Dependency Inversion Principle

A component that provides low-level services (Infrastructure) should depend on interfaces defined by high-level components (User Interface, Application, and Domain).

Dependency Inversion Principle

Focusing on the Domain Layer, using DIP enables both the domain and infrastructure to depend on abstractions (interfaces) defined by the domain model. Since the Application Layer is the direct client of the domain, it depends on domain interfaces and indirectly accesses repository and any technical domain service implementation classes provided by infrastructure. It may use any one of a few ways to acquire the implementations, such as dependency injection.

Hexagonal or Ports and Adapters

An adapter is created to transform application results into a form accepted by a specific output mechanism.

It's not that dependency injection is automatically Hexagonal but it encourages a way of producing an architecture that leans naturally toward the development of a Ports and Adapters style.

The outside enables disparate clients to submit input and also provides mechanisms to retrieve persisted data, store the application's output (e.g., a database), or send it elsewhere along its way (e.g., messaging).

Hexagonal Architecture a.k.a. Ports and Adapters

Each of the hexagon's sides represents a different kind of port, for either input or output.

In whatever way ports are partitioned, client requests arrive and the respective adapter transforms their input. It then invokes an operation on the application or sends the application an event. Control is thus transferred to the inside.

When using Hexagonal, we design the application with our use cases in mind, not the number of supported clients.

The application's API is published as a set of application services.

The entire application and domain model can be designed and tested before clients and storage mechanisms exist.

Long before a persistence mechanism is selected for the project, in-memory repositories can be employed to mimic persistence for the sake of testing.

Because the Hexagonal Architecture is versatile, it could well be the foundation that supports other architectures required by the system, such as Service-Oriented, REST, or an Event-Driven Architecture.

Representational State Transfer (REST)

Alternative approaches for combining DDD and RESTful HTTP:

  • The first approach is to create a separate bounded context for the system's interface layer and use appropriate strategies to access the actual core domain from the system's interface model.

  • Another approach [...] if specific media types are developed to support not only a single system interface but a category of similar client-server interactions, a domain model can be created to represent each standard media type.

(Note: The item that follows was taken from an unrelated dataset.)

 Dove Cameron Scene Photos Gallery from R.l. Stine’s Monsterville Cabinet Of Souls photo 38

The more specialized the solution, the more useful the first approach turns out to be. The more generally useful the solution is, with the extreme end of the spectrum being standardization by an official standards body, the more sense it makes to go with the second, media-type-centric approach.

Command-Query Responsibility Segregation (CQRS)

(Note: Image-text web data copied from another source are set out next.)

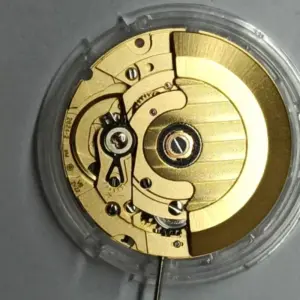 S9a4acc1d11904bcaa185992705fd6475X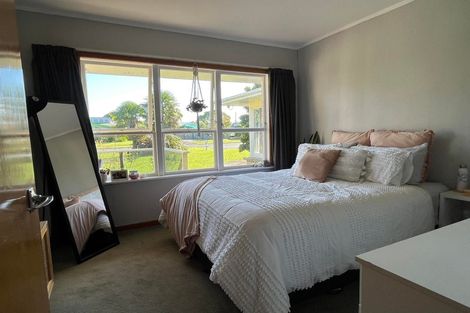 Photo of property in 48 Thompson Street, Leamington, Cambridge, 3432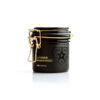 Face Scrub 5207201000289 1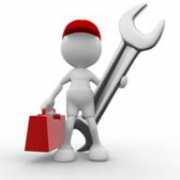 valeauto.it Assistenza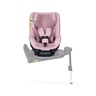 Autosjedalica Avionaut AeroFix AirFlow (0-18,5 kg), Pink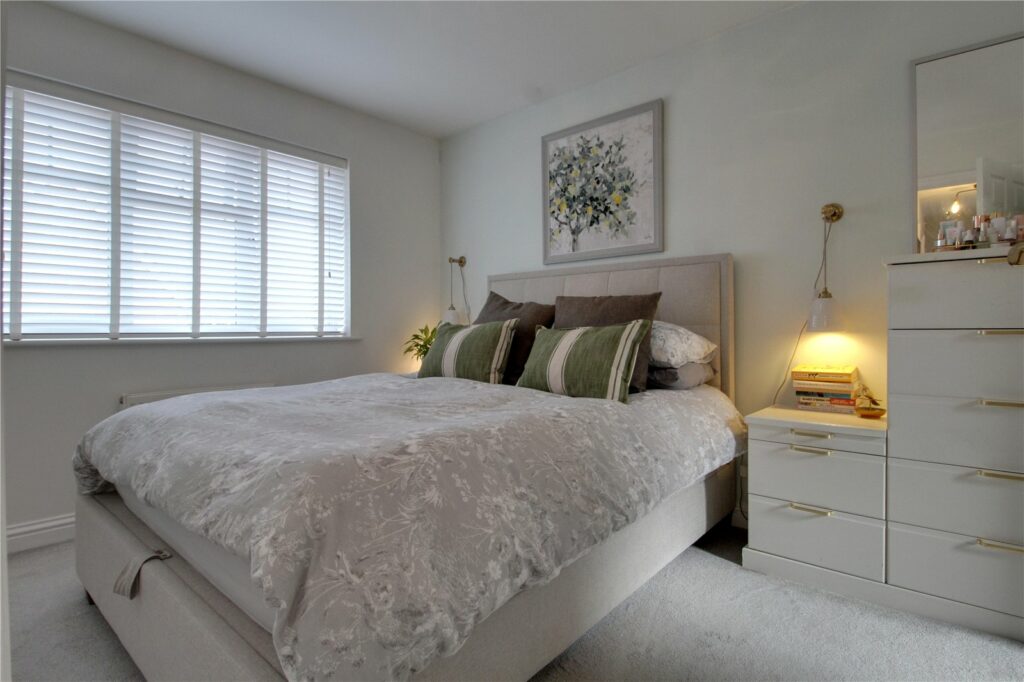 Property Image_8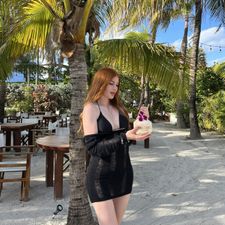 Profile image of laura002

If a method modifies the state of the object, it is a command, and its method must not return a value.

If a method returns some value, it is a query, and it must not directly or indirectly cause the modification of the state of the object.

Aggregates would have no query methods (getters), only command methods. Repositories would be stripped down to an add() or save() method (supporting both creation and updating saves) and only a single query method, such as fromId(). The single query method takes the unique identity of an aggregate and returns it. A repository could not be used to find an aggregate by any other means, such as by filtering on some additional properties. With all of that removed from the traditional model, we designate it a command model or write model.

We still need a way to display data to the user. For that we create a second model, one that is tuned for optimized queries. That's our query model or read model.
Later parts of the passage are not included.